**Work instruction**.
Transcribe exactly the lines from the one containing "Comparaison GEN Vitamine" through the end of the data, both included. Leave out pictures.

**Data block**.
# # # #

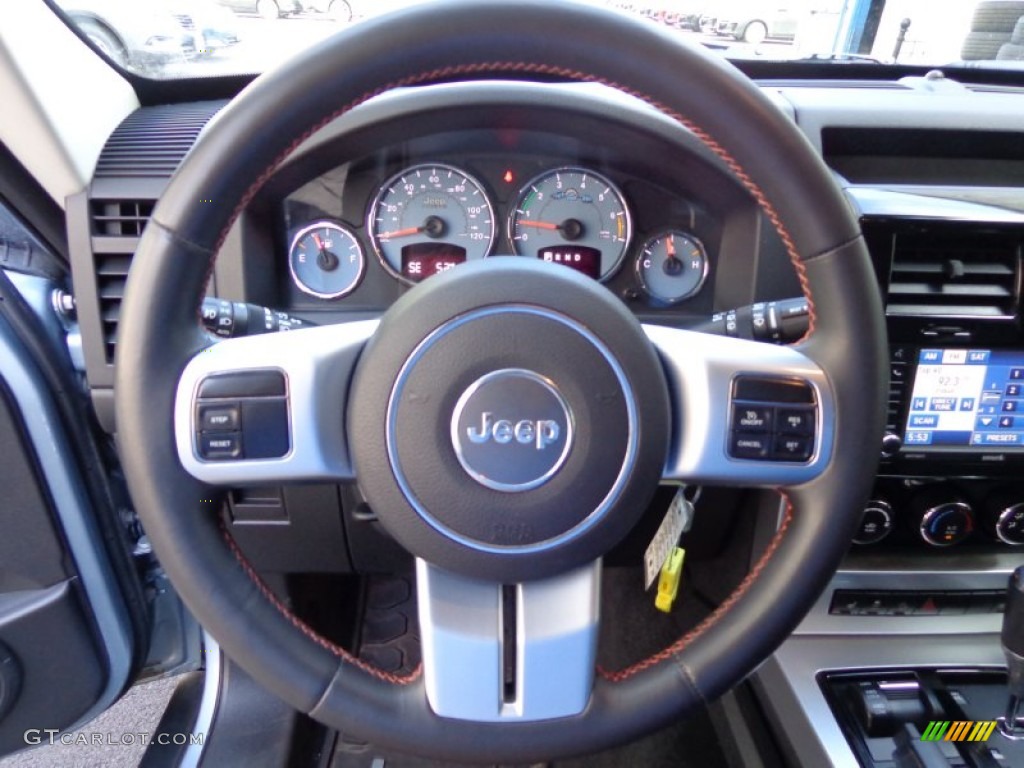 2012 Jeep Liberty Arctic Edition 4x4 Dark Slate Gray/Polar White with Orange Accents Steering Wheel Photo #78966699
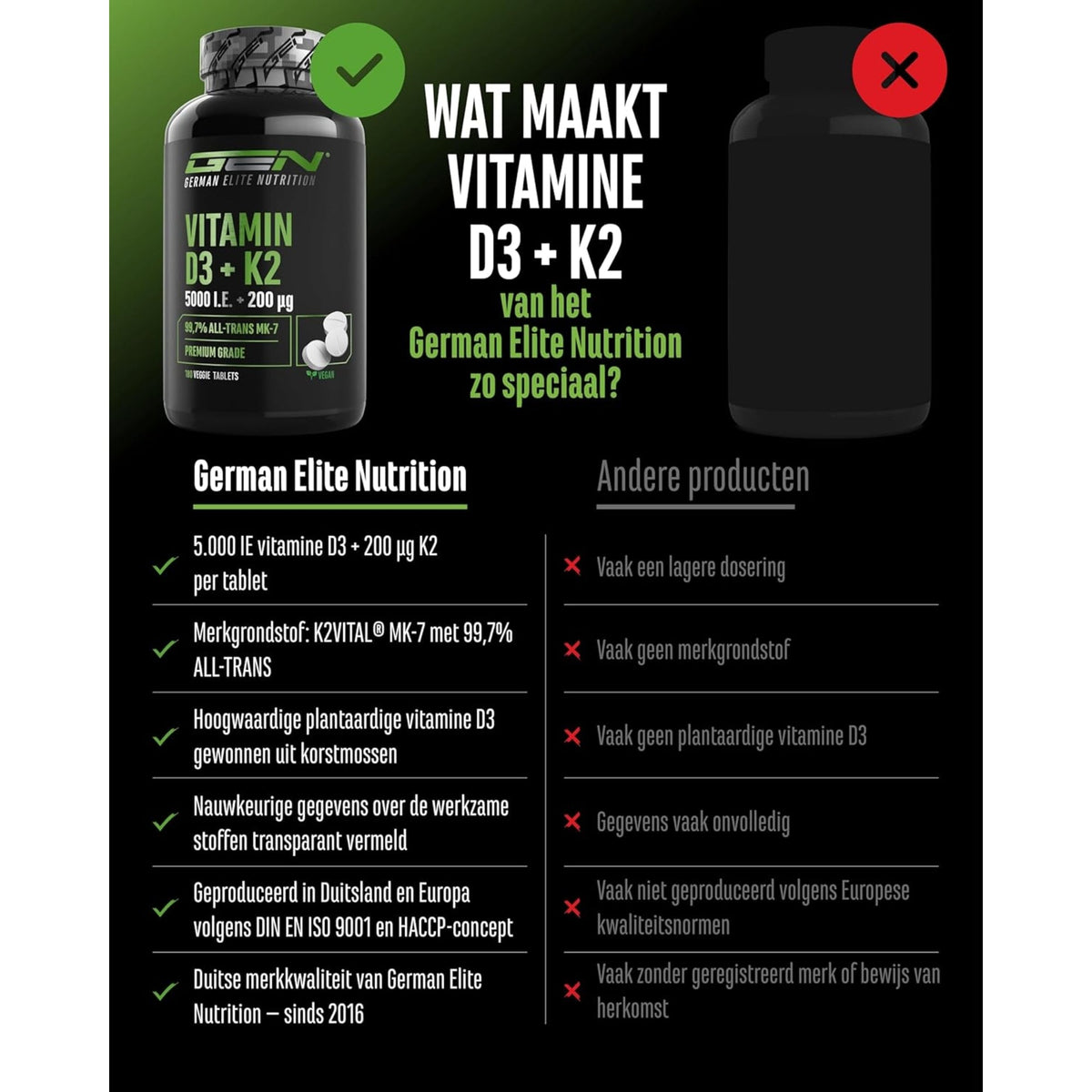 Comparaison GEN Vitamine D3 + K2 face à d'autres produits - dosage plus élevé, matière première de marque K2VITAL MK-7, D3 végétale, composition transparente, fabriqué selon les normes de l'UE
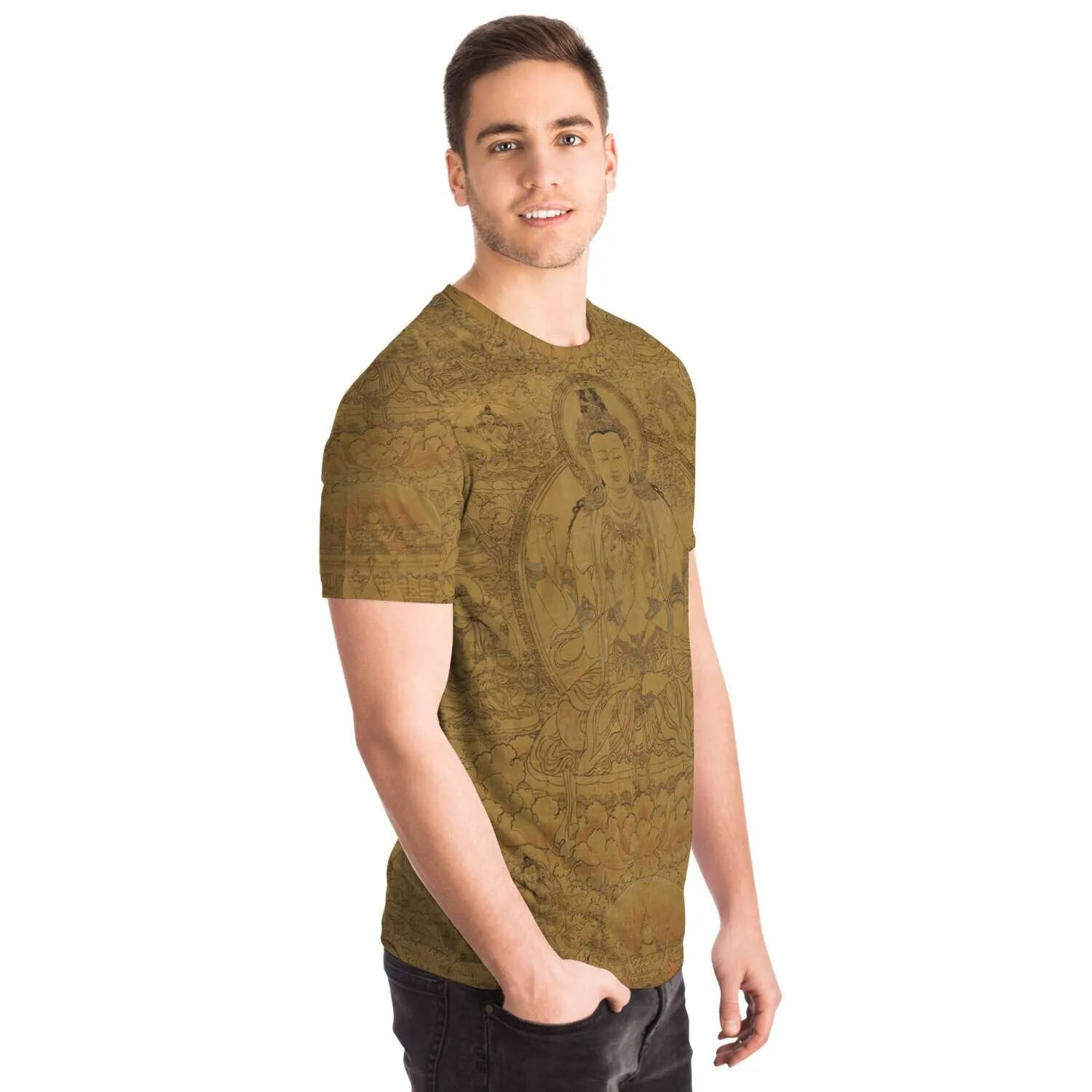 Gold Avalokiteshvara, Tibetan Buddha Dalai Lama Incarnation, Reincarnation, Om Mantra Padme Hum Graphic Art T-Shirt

# # # #

**Answer box**.
 Comparaison GEN Vitamine D3 + K2 face à d'autres produits - dosage plus élevé, matière première de marque K2VITAL MK-7, D3 végétale, composition transparente, fabriqué selon les normes de l'UE
 Gold Avalokiteshvara, Tibetan Buddha Dalai Lama Incarnation, Reincarnation, Om Mantra Padme Hum Graphic Art T-Shirt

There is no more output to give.